RECORDS
★ ★ ★ ★ ★
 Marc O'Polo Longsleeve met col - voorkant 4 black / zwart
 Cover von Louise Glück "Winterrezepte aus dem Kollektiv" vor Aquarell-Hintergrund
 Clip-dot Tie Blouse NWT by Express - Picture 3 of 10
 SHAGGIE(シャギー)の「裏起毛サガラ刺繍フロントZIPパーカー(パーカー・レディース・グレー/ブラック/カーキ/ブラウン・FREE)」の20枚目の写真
★ ★ ★ ★ ★
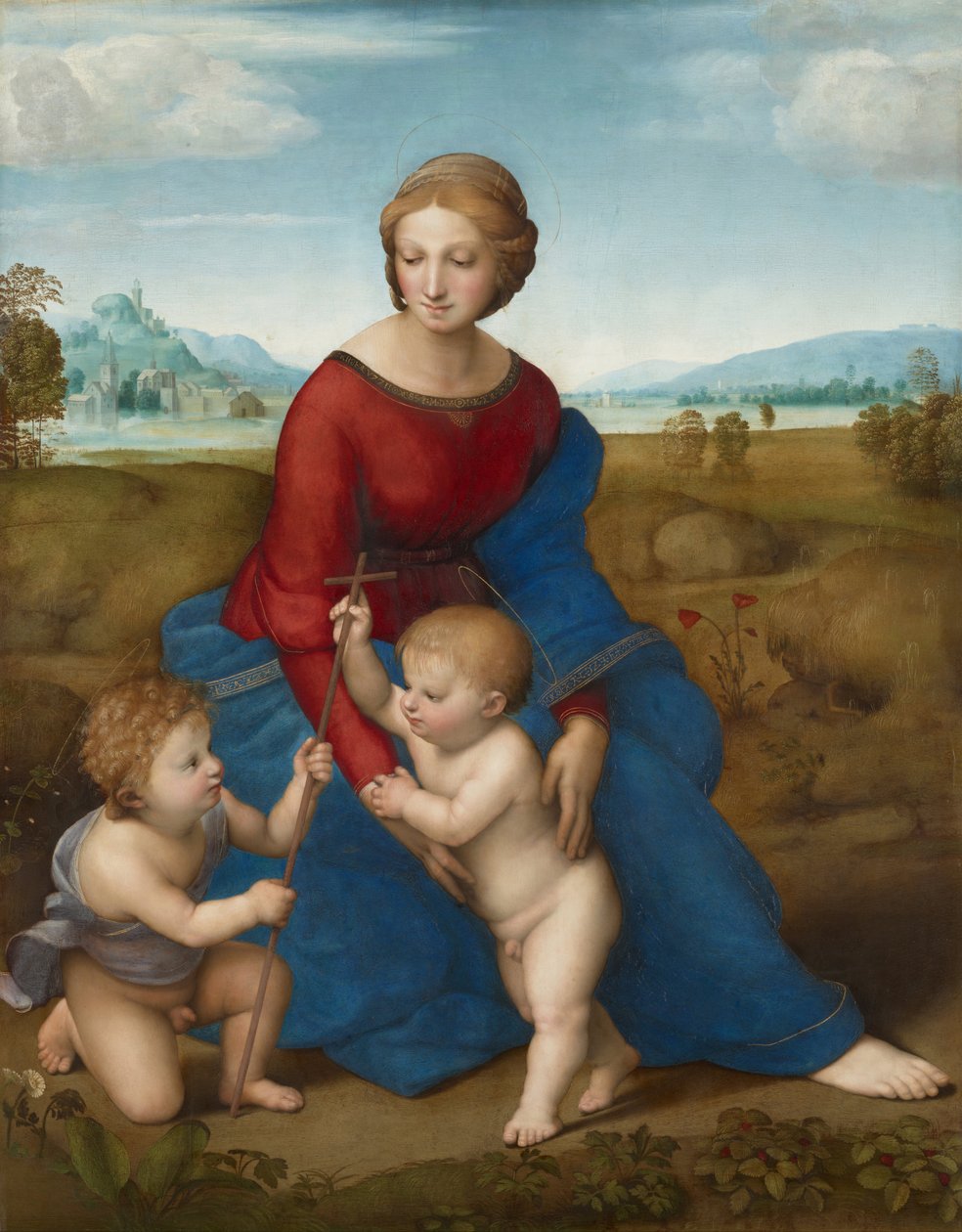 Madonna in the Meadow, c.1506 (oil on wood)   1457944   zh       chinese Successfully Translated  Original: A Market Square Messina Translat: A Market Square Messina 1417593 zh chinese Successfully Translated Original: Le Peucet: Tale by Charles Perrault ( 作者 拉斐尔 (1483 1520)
★ ★ ★ ★ ★
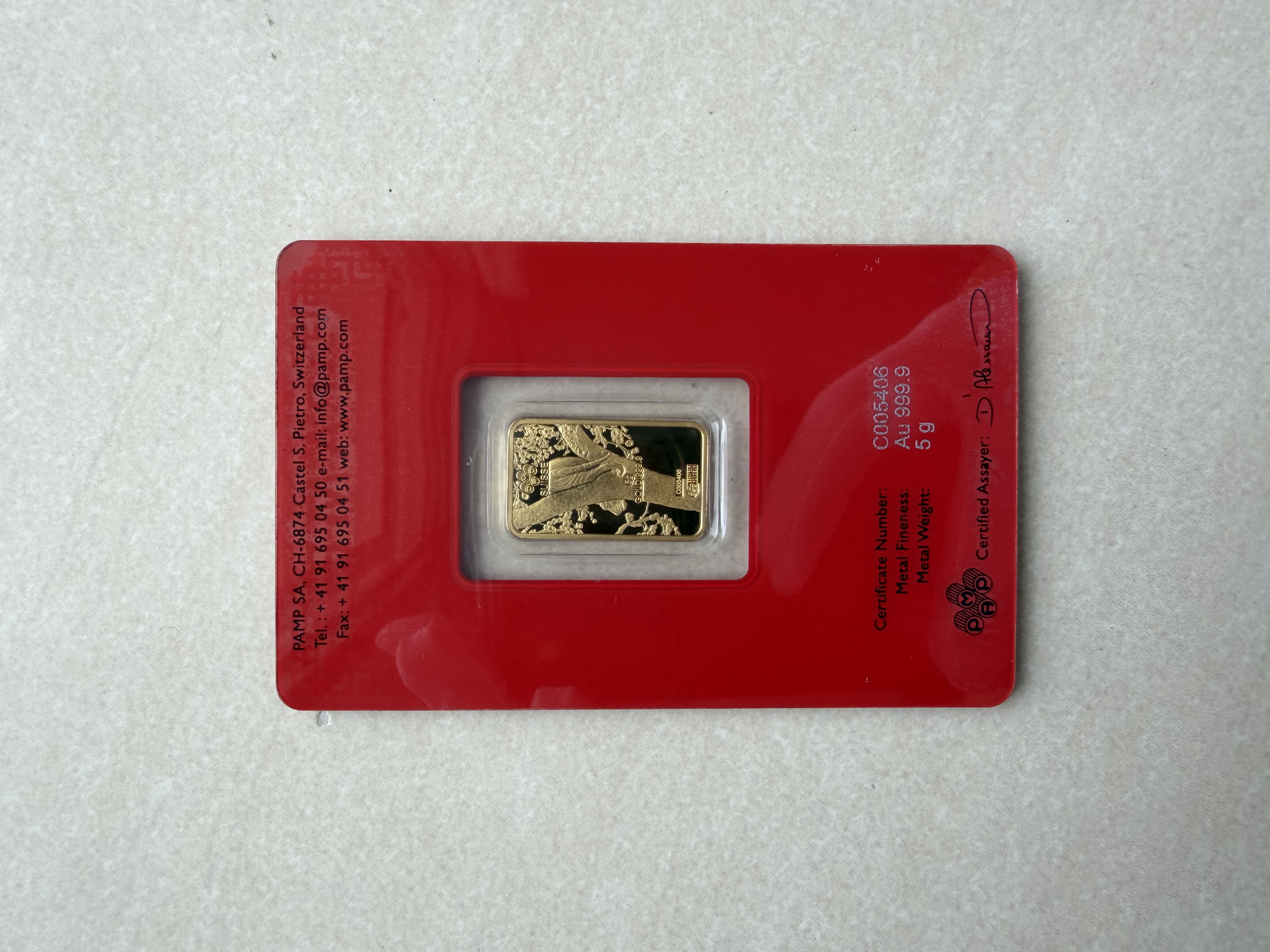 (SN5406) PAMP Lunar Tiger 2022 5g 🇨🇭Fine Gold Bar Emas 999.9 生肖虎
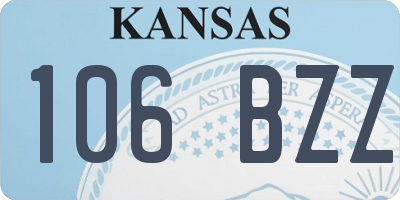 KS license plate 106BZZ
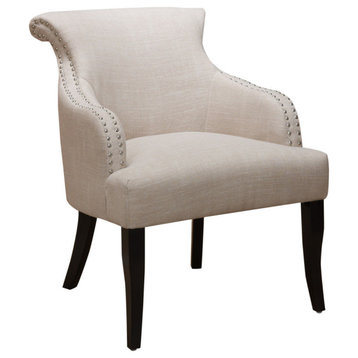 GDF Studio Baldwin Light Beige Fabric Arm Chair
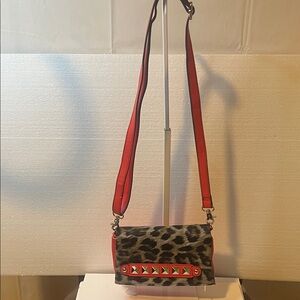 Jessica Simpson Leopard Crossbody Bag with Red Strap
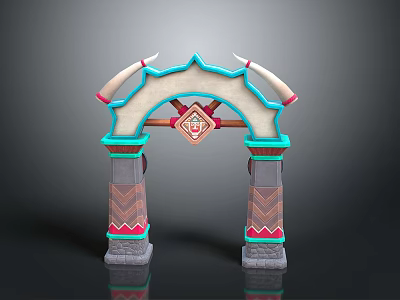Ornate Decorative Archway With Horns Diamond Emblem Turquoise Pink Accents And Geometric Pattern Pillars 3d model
★ ★ ★ ★ ★
TASK ITEM
Reproduce exactly the lines above that run from the one with "GDF Studio Baldwin" to the one with "Ornate Decorative Archway", both included, leaving pictures out.

TASK ANSWER
 GDF Studio Baldwin Light Beige Fabric Arm Chair
 Jessica Simpson Leopard Crossbody Bag with Red Strap
Ornate Decorative Archway With Horns Diamond Emblem Turquoise Pink Accents And Geometric Pattern Pillars 3d model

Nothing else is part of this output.